Trois décennies après la transition démocratique dans la plupart des pays d’Afrique subsaharienne, la gouvernance pose toujours problème. Bien que certains auteurs évoquent comme cause la socialisation des citoyens sous des régimes autoritaires, d’autres font allusion à la faiblesse de l’engagement citoyen qui ne permet pas de construire une société plus démocratique. Au-delà de ces postures théoriques, le contraste est saisissant entre la très vaste littérature traitant de la « gouvernance» et le très petit nombre d’études empiriques consacrées à son fonctionnement, « réel », au quotidien. La notion de gouvernance est désormais l’un des concepts de sciences sociales les plus fréquemment utilisés dans le monde. Ce corpus diversifié de travaux ne se base pas sur une théorie unique, mais plutôt sur des théories multiples avec des objectifs et des perspectives différents. La plupart des travaux se sont concentrés sur la quête inlassable de l’essence de la bonne gouvernance, en délaissant l’analyse concrète de la gouvernance en tant que processus social complexe. Or, pour gouverner une société de plus en plus complexe, fragmentée, dynamique et imprévisible, il importe de se donner les moyens d’appréhender la réalité concrète de la gouvernance telle qu’elle est vécue quotidiennement par toutes les parties prenantes. L’objectif ici n’est pas de combler entièrement ce déficit en connaissance empirique. De plus, ce terme n’est surtout pas pris dans un sens moraliste et normatif. Loin des seuls gouvernements et grands commis de l’État, la gouvernance est l’ensemble des processus de traitement et de délivrance de biens et services publics, par les appareils d’État officiels certes, mais aussi par d’autres opérateurs, tels que les institutions de développement, les philanthropes ou le monde associatif. Prise sous ce prisme, la gouvernance peut paraître problématique dès lors que la production des biens et services publics met en lumière des dysfonctionnements et manquements. Bien qu’il existe un ensemble de caractéristiques communes qui structurent assez largement les Etats francophones d’Afrique, il y a des particularités qu’on ne saurait nier. Le propos ne consiste pas à comparer la situation malienne, bout en bout, à d’autres contextes africains. Néanmoins, il importe d’en tirer les enseignements pour encourager ce qui se fait de bien déjà et corriger le cas échéant, ce qui mérite de l’être.

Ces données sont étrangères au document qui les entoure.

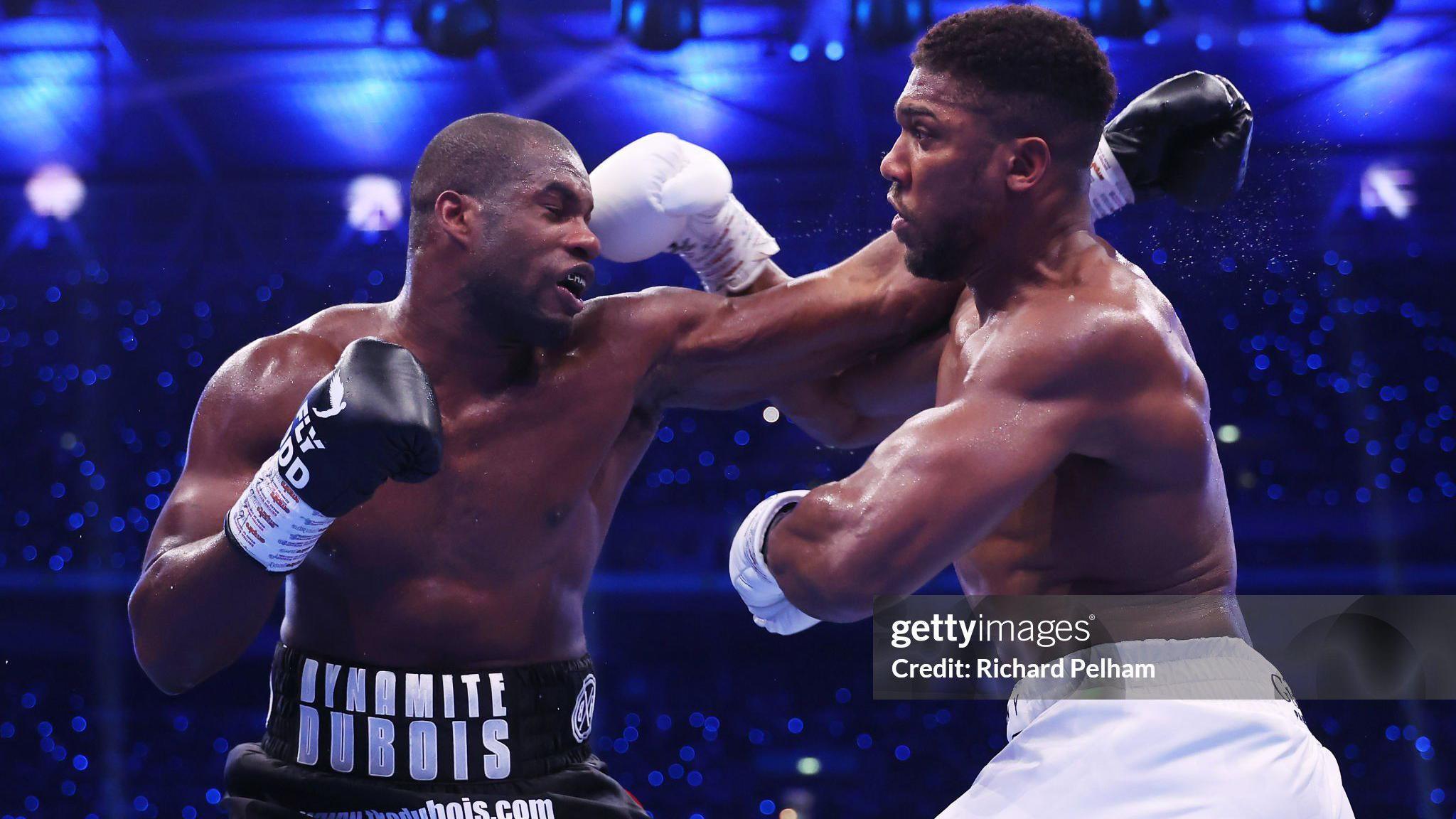 Anthony Joshua and Daniel Dubois fighting at Wembley on 21 September.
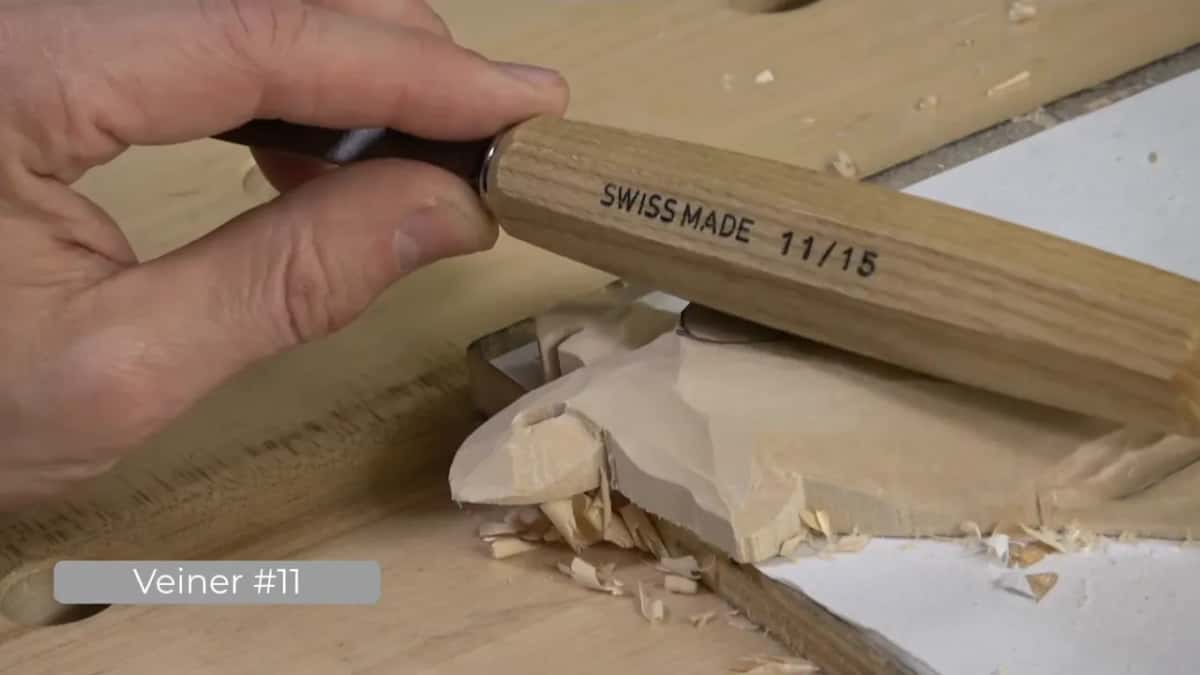Swiss made, 11 by 15, stamped along the handle of the veiner.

Au-delà du cas malien, plusieurs configurations sociales peuvent provoquer le délitement sociopolitique. Primo, le décalage entre les normes prescrites et les pratiques des acteurs sur le terrain atteint impunément une certaine proportion sans qu’aucune action ne soit menée ni pour situer les responsabilités ni pour corriger le tir. Secundo, les pouvoirs publics font de la sourde oreille aux voix discordantes venant soit de la société civile et/ou de l’opposition politique. Tertio, le gouvernement tente via des mécanismes de légitimation du pouvoir politique de ne pas donner écho favorable aux griefs, pourtant fondés, de l’une ou de l’autre des parties prenantes de la gouvernance. L’inventaire des cas de figures que nous proposons ici, est loin d’être exhaustif. Mais, il nous semble significatif pour fournir aux administrateurs publics un cadre pour comprendre, comment dans le quotidien d’une gestion peu transparente, arbitraire et irresponsable des affaires publiques, se forgent, s’entrelacent et s’enchevêtrent des facteurs de déstabilisation de l’Etat. Accroître l’engagement des citoyens locaux et construire une société plus démocratique à travers la poursuite des principes de bonne gouvernance permettront d’entretenir une harmonie entre les acteurs étatiques et non-étatiques malgré les rivalités partisanes. Ces dernières devraient se fonder sur des idéologies et des visions claires pour la préservation des intérêts communs plutôt que sur des querelles de personnes encore moins sur des luttes de classes sociales. La performance des politiques mises en œuvre, les perceptions des citoyens quant à leur efficience et leur engagement civique à participer à la construction du destin commun semblent constituer le rempart contre l’instabilité politique.